Cross-Architecture Distillation Made Simple with Redundancy Suppression¶
Conference: ICCV 2025 arXiv: 2507.21844 Code: N/A Area: Model Compression Keywords: knowledge distillation, cross-architecture, redundancy suppression, feature decorrelation, CNN-ViT-MLP
TL;DR¶
This paper proposes RSD (Redundancy Suppression Distillation), which extracts architecture-agnostic knowledge via cross-architecture invariance maximization and feature decorrelation. Using a single simple RSD loss and a lightweight MLP decoupling module, RSD substantially outperforms OFA—the pioneering cross-architecture distillation method—on both CIFAR-100 and ImageNet-1k, while incurring only a fraction of OFA's parameter overhead.
Background & Motivation¶
Knowledge distillation (KD) aims to transfer the capabilities of a pretrained teacher model to a lightweight student model. Conventional KD predominantly operates within homogeneous architectures (e.g., CNN→CNN); however, with the emergence of ViTs, MLP-Mixers, and other novel architectures, cross-architecture knowledge distillation (CAKD) has become increasingly important, as the best-performing models are often unsuitable for direct deployment. → Core challenge: Heterogeneous features differ in dimensionality and exhibit distinct or even conflicting representational patterns; forcing a student to blindly absorb teacher features leads to performance degradation. → The pioneering method OFA requires architecture-specific projection modules (e.g., depthwise separable convolutions for CNNs, attention blocks for ViTs) to project features into an "architecture-agnostic" logit space, resulting in complex designs and substantial parameter overhead (the projector parameters are 3× the student's when distilling ConvNeXt-T→Swin-N). → Core insight of this paper: Complex projections are unnecessary; extracting common knowledge across heterogeneous representations can be achieved simply through redundancy suppression.
Method¶
Overall Architecture¶
RSD operates on the penultimate-layer embeddings of both teacher and student. After aligning dimensions via a lightweight AAD decoupling module, it computes a cross-architecture Pearson correlation matrix and applies the RSD loss. The total loss is \(\mathcal{L} = \mathcal{L}_{CE} + \lambda \mathcal{L}_{RSD}\). The AAD module is discarded after training, introducing no additional inference overhead.
Key Designs¶
-
Redundancy Suppression Distillation (RSD) Loss:
- Function: Extracts architecture-agnostic common knowledge from teacher and student representations.
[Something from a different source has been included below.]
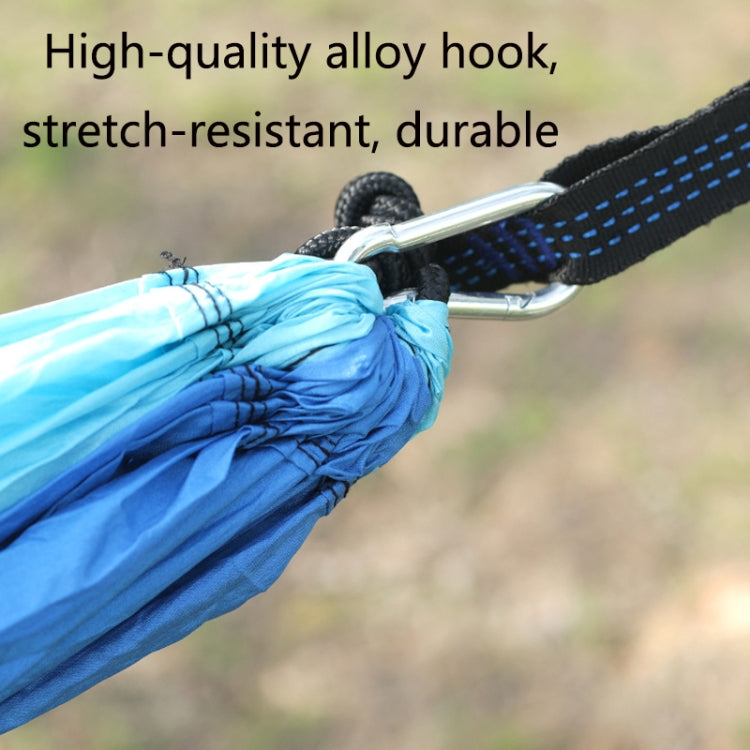 Rynx | Outdoor Hammock Nylon Parachute Cloth Travel Camping Swing, Style: 3m x 2m (Sky Blue+Royal Blue)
- Mechanism: Constructs a Pearson correlation matrix \(\mathbf{P} \in \mathbb{R}^{D \times D}\) between teacher features \(\mathbf{z}^t\) and student features \(\mathbf{z}^s\), with the optimization target being the identity matrix \(\mathbf{T} = I\). (1) Diagonal elements → 1: maximizes cross-architecture invariance along matched dimensions (extracting common knowledge); (2) Off-diagonal elements → 0: decorrelates mutual information across different feature dimensions (suppressing redundant architecture-specific information). The loss is \(\mathcal{L}_{RSD} = d(\mathbf{P}(h(\mathbf{z}^s), \mathbf{z}^t), \mathbf{T})\), using MSE distance. The off-diagonal loss can be weighted by a coefficient κ.
- Design Motivation: Inspired by classical unsupervised feature learning theory (Barlow Twins information maximization and feature decorrelation), minimizing mutual information is equivalent to extracting statistically independent, architecture-agnostic features.
-
Architecture-Agnostic Decoupling (AAD) Module:
- Function: Acts as a buffer to prevent student internal representations from being completely overridden by the RSD objective, preserving architecture-specific beneficial capabilities of the student.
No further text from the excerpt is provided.